Mariachi bands are also expected to play music.

“That’s the one year anniversary of when she came up missing, and we’re celebrating her life, and of course all the changes that need to take place that are still pending to protect our service members, present and future,” Tapia said Sunday.

One of the changes Tapia alluded to is the “I Am Vanessa Guillen Act,” which is also expected to be reintroduced into the U.S. Congress on Thursday morning.

House Speaker Nancy Pelosi is expected to be present during a planned news conference of the reintroduction of the bill, according to Steve Campion of ABC13 in Houston.
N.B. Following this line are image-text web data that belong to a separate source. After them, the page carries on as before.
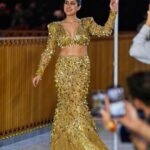 Sara Ali Khan Instagram - 🪄💫🤩 Glitter and Glamour at the Grand Launch of @jioworldplaza 🤩🤩🤩 The first time I ever walked the ramp was for @abujanisandeepkhosla at Antilia in 2012. 11 years later on Nita Ma’ams birthday as I walked through this glorious plaza, I couldn’t help breaking into smiles and waves when I saw the familiar faces of my teachers, principals and chairperson! From DAIS to #jioworldplaza @droptop.royale @rivieralynn @aasifahmedofficial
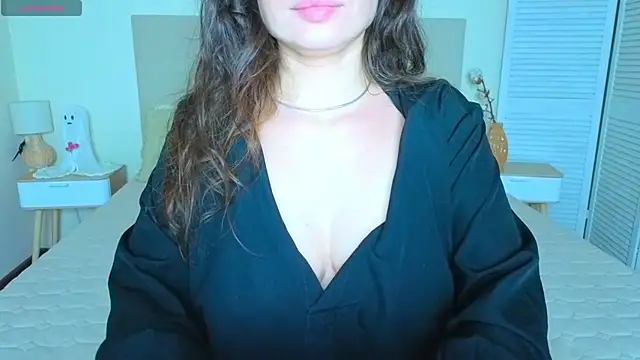 Erika bestboobs online show from November 26, 2025, 9:04 pm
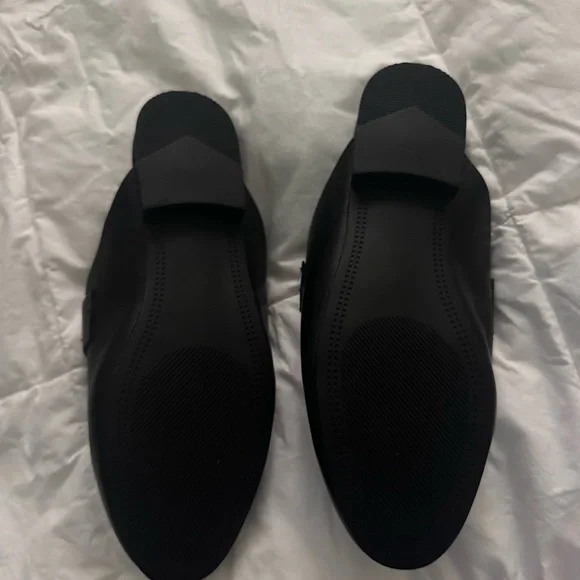 Steve Madden Black mules with Gold horsebit - Picture 2 of 2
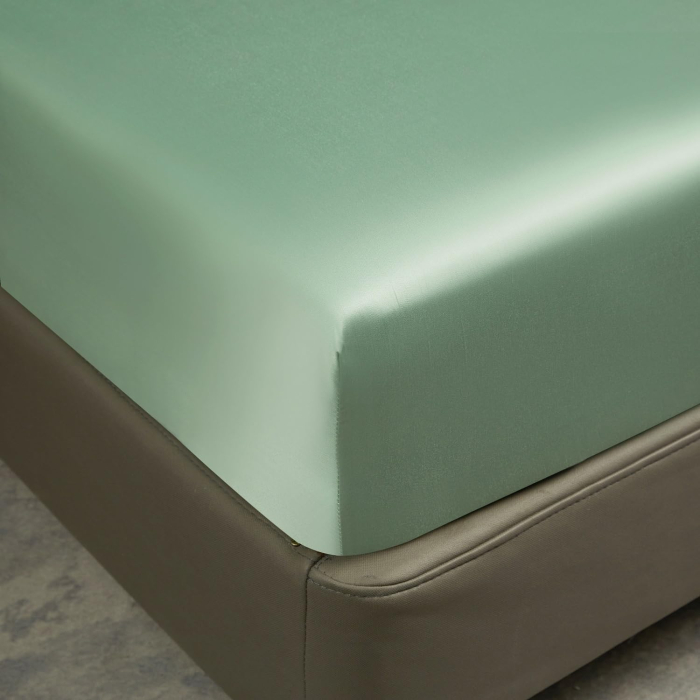 Cearsaf de pat verde, cu fermoar, 140x200 cm + inaltimea bazei 25-30 cm [5]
The bill was initially introduced by Rep. Jackie Speier, D-California, on Sept. 16, 2020. Even with 187 cosponsors, it did not go very far, with the last action reported on it as going to the House Committee on Armed Services the same day, according to congress.gov.

“The bill responds to resounding calls for change by revolutionizing the military’s response to missing service members and reports of sexual harassment and sexual assault by making sexual harassment a crime within the Uniform Code of Military Justice and moving prosecution decisions of sexual assault and sexual harassment cases out of the chain of command,” said a news release from Rep. Sylvia Garcia, D-Houston, in September 2020.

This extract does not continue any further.